**** SUPPLIED ENTRIES
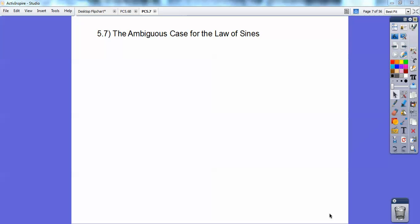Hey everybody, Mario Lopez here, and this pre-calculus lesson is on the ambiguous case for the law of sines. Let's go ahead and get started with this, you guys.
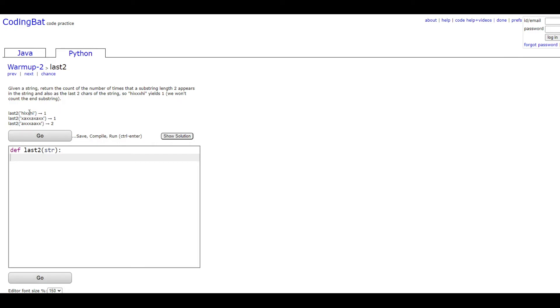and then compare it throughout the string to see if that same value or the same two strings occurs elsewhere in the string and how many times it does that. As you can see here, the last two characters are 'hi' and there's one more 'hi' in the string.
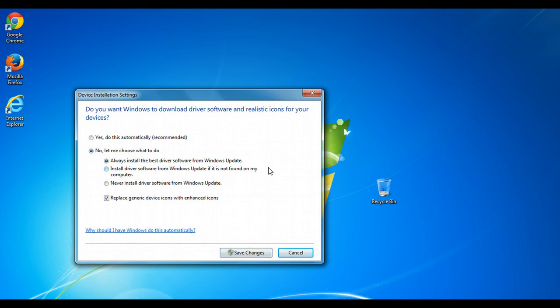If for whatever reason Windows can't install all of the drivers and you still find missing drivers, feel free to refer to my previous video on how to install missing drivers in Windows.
********
**** SUPPLIED ENTRIES
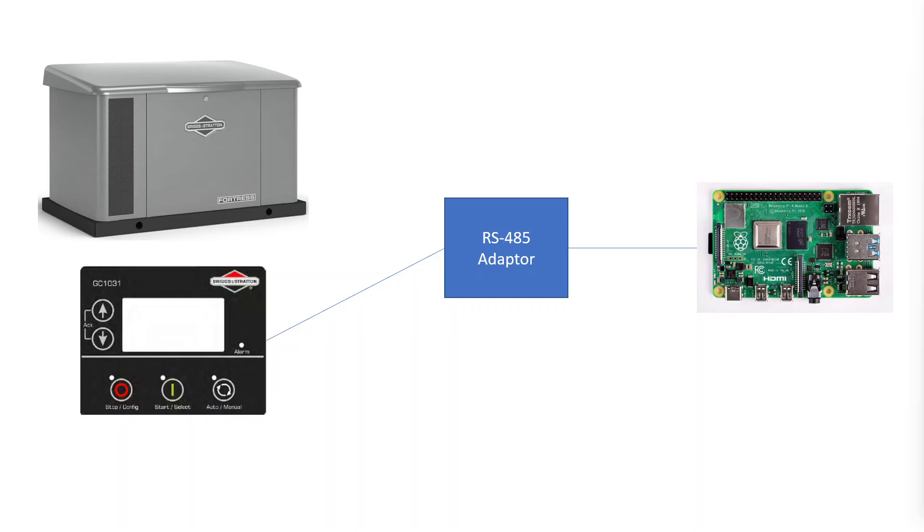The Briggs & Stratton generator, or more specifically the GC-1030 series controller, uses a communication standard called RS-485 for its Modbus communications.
********
An exact copy is needed of the stretch above that opens with the line containing "Hey everybody, Mario" and closes with the line containing "If for whatever"; the pictures are not part of it.

Hey everybody, Mario Lopez here, and this pre-calculus lesson is on the ambiguous case for the law of sines. Let's go ahead and get started with this, you guys.
and then compare it throughout the string to see if that same value or the same two strings occurs elsewhere in the string and how many times it does that. As you can see here, the last two characters are 'hi' and there's one more 'hi' in the string.
If for whatever reason Windows can't install all of the drivers and you still find missing drivers, feel free to refer to my previous video on how to install missing drivers in Windows.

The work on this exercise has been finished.